*** AVAILABLE DATA ***

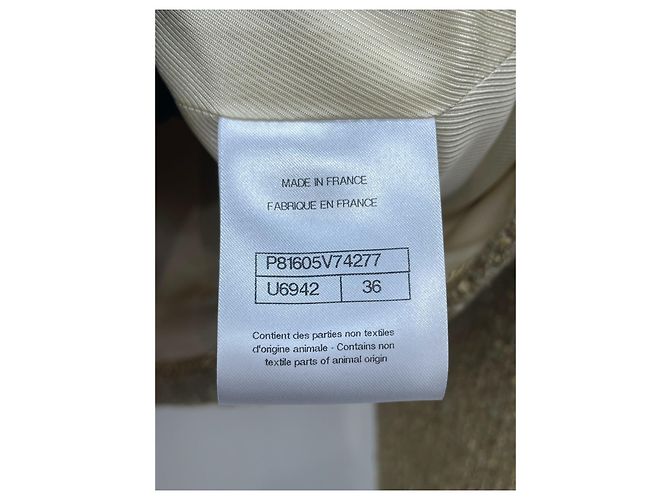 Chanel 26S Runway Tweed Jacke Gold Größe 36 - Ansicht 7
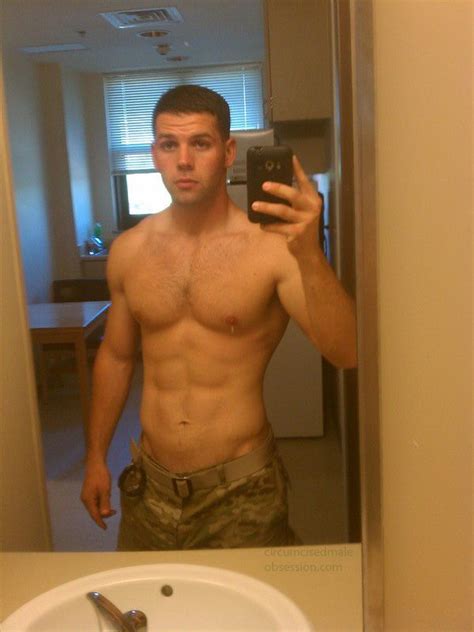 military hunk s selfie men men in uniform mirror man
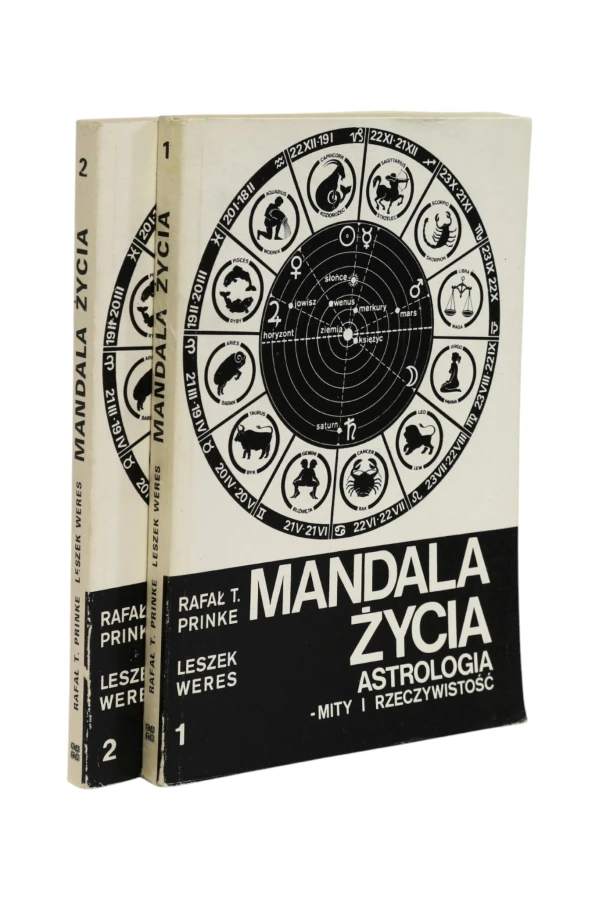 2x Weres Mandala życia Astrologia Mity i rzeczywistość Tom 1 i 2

***

■ YOUR GOAL
Return the whole listing exactly, minus its pictures.

■ SOLUTION TO THIS PROBLEM
 Chanel 26S Runway Tweed Jacke Gold Größe 36 - Ansicht 7
 military hunk s selfie men men in uniform mirror man
 2x Weres Mandala życia Astrologia Mity i rzeczywistość Tom 1 i 2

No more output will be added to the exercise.